→ **WHAT YOU WILL DO**
Look through the records below and give the number of lines holding the string "Green", nothing more.

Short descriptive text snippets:
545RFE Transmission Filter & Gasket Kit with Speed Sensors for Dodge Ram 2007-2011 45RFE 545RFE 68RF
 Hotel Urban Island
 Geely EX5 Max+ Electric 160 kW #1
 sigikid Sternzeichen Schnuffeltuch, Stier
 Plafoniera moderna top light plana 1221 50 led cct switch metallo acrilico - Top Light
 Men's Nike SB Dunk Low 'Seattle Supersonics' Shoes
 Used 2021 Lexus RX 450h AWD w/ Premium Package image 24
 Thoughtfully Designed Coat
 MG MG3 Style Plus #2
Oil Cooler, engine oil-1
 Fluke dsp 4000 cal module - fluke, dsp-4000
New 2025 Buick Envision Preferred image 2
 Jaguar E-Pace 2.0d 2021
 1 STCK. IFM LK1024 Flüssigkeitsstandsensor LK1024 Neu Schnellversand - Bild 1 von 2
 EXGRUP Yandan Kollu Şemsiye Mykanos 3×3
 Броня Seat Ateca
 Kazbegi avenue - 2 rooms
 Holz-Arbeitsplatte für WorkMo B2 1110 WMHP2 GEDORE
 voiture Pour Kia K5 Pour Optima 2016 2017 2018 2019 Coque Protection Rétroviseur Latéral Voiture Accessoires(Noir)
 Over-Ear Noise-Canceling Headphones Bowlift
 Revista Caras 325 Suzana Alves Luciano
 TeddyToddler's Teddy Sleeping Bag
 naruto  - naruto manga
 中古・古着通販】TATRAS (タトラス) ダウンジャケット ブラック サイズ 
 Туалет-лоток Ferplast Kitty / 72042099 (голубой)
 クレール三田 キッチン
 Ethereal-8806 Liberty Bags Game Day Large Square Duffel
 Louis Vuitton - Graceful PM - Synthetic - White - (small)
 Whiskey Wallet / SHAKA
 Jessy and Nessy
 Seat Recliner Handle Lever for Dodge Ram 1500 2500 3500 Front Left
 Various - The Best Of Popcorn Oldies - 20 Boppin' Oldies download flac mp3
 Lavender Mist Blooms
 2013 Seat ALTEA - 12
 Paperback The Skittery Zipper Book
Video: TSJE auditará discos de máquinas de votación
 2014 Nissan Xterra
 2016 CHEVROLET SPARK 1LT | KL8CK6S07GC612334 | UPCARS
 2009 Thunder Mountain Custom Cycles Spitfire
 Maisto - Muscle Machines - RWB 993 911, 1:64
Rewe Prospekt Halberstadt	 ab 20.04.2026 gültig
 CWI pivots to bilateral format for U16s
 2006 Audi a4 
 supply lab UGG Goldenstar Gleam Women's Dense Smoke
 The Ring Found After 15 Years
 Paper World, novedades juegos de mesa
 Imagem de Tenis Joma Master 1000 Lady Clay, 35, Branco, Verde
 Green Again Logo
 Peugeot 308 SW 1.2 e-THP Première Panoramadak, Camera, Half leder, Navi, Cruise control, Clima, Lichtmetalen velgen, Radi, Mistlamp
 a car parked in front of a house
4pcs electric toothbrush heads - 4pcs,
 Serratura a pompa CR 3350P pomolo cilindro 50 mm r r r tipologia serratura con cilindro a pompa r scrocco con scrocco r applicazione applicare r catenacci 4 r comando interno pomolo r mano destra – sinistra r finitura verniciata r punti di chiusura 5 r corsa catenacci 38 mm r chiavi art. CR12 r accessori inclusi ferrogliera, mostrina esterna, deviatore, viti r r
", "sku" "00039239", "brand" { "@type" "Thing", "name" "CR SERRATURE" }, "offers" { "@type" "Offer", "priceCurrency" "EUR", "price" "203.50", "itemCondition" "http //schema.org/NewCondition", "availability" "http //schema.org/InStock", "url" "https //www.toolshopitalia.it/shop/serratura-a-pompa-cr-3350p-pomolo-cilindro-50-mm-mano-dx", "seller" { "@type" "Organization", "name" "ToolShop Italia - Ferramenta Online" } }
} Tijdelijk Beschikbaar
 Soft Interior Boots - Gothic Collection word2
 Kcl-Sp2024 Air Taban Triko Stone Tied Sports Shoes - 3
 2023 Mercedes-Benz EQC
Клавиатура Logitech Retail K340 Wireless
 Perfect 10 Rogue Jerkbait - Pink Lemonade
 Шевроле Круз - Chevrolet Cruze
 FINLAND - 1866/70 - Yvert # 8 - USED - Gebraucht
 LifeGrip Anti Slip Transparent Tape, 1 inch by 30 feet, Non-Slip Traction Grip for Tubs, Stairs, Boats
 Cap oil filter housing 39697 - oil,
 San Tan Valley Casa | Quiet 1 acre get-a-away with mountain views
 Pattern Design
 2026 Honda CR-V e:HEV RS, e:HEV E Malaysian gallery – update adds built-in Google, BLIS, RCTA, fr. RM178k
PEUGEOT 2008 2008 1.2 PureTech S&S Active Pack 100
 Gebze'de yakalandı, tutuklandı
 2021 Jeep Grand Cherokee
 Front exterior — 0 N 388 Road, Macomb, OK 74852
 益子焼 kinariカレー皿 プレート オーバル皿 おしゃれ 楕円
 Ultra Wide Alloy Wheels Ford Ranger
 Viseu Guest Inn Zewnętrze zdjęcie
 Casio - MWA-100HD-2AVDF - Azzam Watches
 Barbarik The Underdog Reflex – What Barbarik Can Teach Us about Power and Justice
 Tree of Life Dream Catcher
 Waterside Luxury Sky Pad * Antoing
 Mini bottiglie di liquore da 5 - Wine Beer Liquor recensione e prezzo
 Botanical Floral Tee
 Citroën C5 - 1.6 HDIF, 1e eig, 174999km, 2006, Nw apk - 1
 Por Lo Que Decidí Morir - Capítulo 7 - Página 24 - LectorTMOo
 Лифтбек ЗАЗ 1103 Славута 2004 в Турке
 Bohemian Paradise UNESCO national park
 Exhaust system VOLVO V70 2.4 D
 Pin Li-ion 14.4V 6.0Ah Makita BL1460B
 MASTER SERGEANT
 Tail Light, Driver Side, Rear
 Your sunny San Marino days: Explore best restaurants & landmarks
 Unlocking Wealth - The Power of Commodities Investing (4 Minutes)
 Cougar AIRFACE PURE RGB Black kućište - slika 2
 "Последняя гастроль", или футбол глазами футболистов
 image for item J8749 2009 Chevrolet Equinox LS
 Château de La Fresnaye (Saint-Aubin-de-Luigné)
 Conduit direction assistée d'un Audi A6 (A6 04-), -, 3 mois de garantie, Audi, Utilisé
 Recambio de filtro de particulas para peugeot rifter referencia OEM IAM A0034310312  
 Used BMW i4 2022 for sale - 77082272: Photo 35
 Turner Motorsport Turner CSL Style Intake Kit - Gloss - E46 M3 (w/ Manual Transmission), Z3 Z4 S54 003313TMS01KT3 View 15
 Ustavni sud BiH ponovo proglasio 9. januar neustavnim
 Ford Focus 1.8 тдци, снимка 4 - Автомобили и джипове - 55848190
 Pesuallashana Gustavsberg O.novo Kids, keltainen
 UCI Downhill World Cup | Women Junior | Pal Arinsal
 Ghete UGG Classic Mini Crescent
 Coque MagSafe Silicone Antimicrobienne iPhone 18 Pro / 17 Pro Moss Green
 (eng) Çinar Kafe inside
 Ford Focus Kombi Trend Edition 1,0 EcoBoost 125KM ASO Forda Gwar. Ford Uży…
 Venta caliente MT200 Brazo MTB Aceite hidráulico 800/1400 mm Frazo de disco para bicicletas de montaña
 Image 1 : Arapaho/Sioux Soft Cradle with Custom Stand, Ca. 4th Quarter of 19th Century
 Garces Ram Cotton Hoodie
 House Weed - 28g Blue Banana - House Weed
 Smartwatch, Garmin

→ **EXERCISE ANSWER**
2